The output should contain the listing word for word and no pictures.

PROVIDED DATA
════════════════════
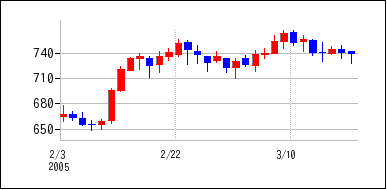 2005年2月3日から2005年3月18日までのの株価チャート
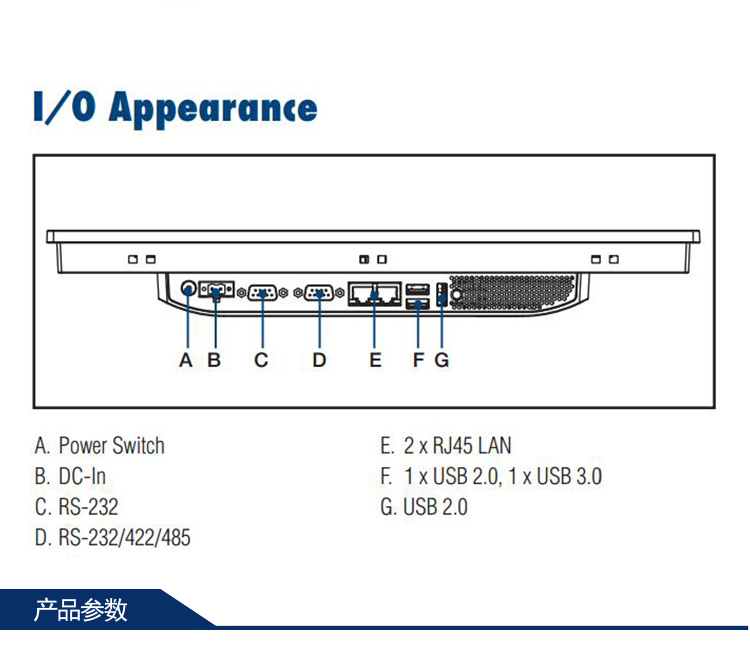 全新研華 嵌入式無風(fēng)扇工業(yè)平板電腦 無噪音低功耗 PPC-3150S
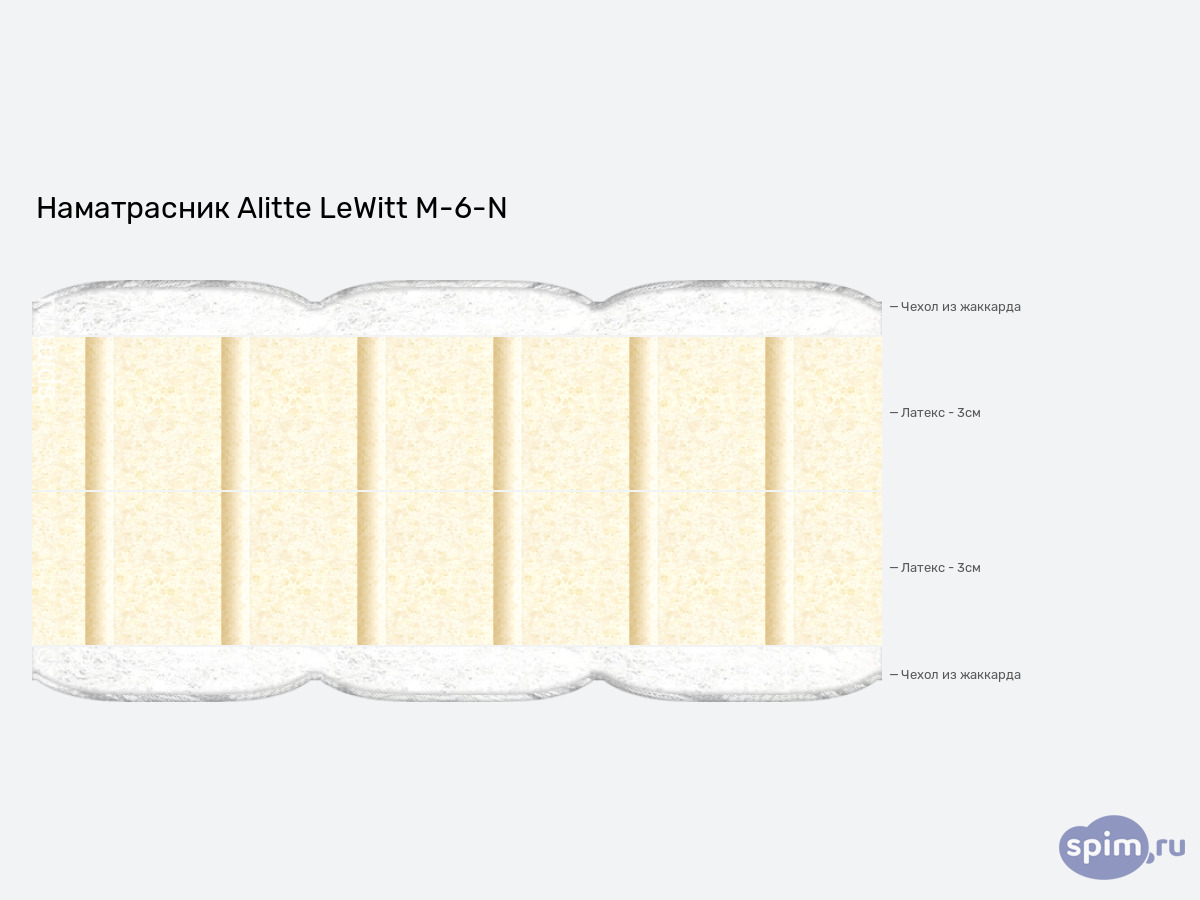 ����� ������� ������� Alitte LeWitt M-6-N � �������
════════════════════
OUTPUT FOR THIS TASK
 2005年2月3日から2005年3月18日までのの株価チャート
 全新研華 嵌入式無風(fēng)扇工業(yè)平板電腦 無噪音低功耗 PPC-3150S
 ����� ������� ������� Alitte LeWitt M-6-N � �������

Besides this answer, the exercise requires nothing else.